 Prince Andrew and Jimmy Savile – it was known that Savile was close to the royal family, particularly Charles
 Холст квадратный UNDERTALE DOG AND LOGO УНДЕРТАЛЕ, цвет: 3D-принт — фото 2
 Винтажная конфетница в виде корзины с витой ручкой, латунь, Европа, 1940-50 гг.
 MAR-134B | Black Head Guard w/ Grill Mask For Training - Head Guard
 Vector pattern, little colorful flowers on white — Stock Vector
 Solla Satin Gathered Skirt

☆ ☆ ☆

Task to complete
Everything from the line with "Винтажная конфетница в" through the end of the listing, both ends included, needs to be transcribed exactly, with no other lines.

Output
 Винтажная конфетница в виде корзины с витой ручкой, латунь, Европа, 1940-50 гг.
 MAR-134B | Black Head Guard w/ Grill Mask For Training - Head Guard
 Vector pattern, little colorful flowers on white — Stock Vector
 Solla Satin Gathered Skirt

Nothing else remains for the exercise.